##### The records #####

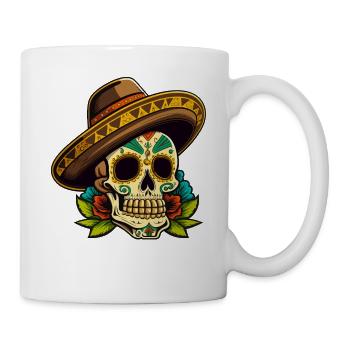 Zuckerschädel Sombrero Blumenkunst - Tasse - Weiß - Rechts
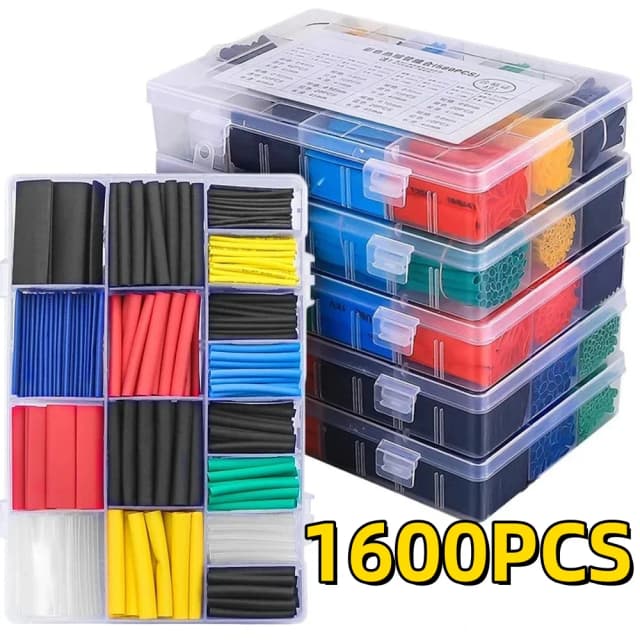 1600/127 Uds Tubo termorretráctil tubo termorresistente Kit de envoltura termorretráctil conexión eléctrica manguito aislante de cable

#####
##### The records #####

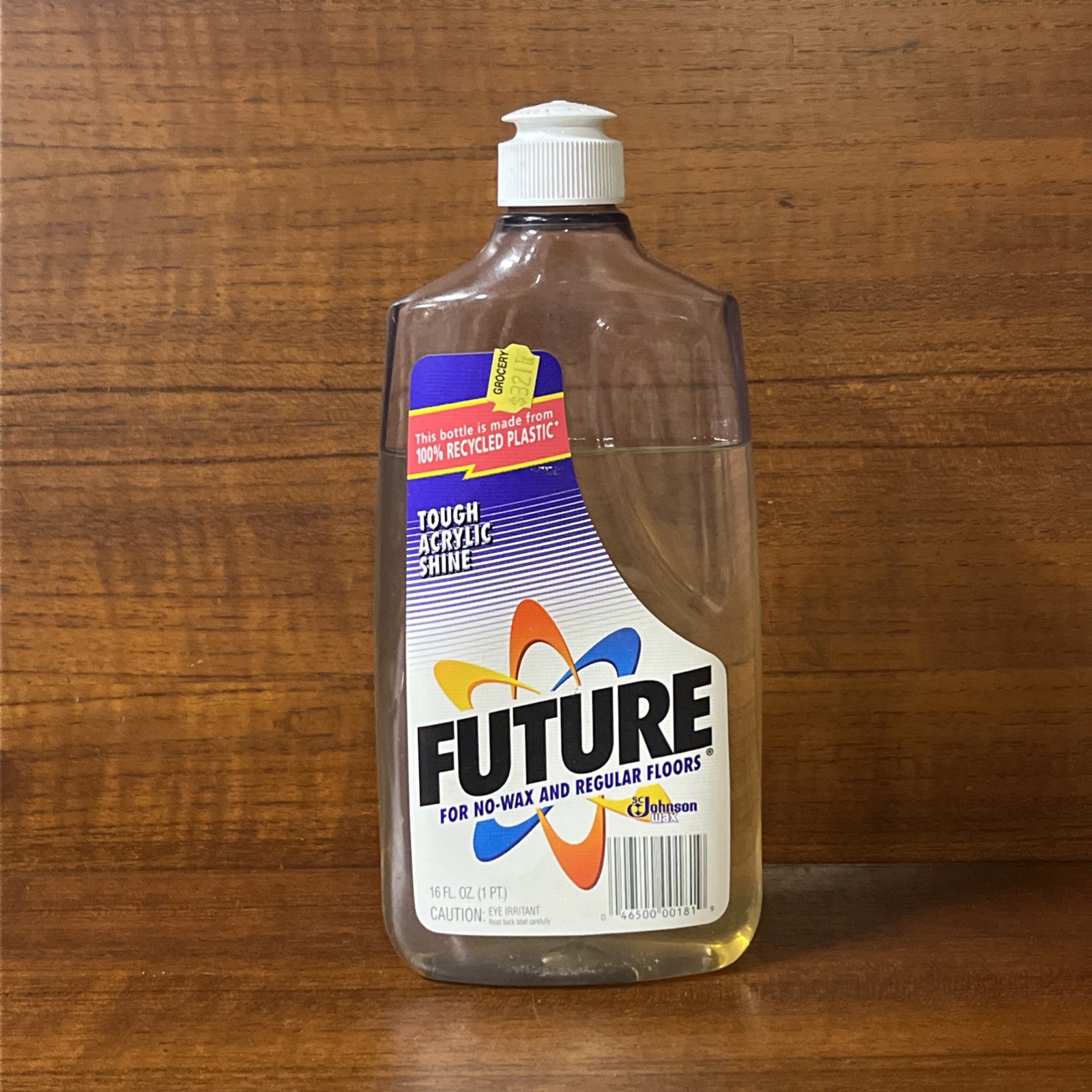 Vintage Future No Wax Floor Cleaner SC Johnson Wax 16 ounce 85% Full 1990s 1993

#####

▶ [Task details]:
Each line above from the one containing "Zuckerschädel Sombrero Blumenkunst" through the one containing "1600/127 Uds Tubo" is to be returned verbatim. Nothing else, and no pictures.

▶ [Problem solution]:
 Zuckerschädel Sombrero Blumenkunst - Tasse - Weiß - Rechts
 1600/127 Uds Tubo termorretráctil tubo termorresistente Kit de envoltura termorretráctil conexión eléctrica manguito aislante de cable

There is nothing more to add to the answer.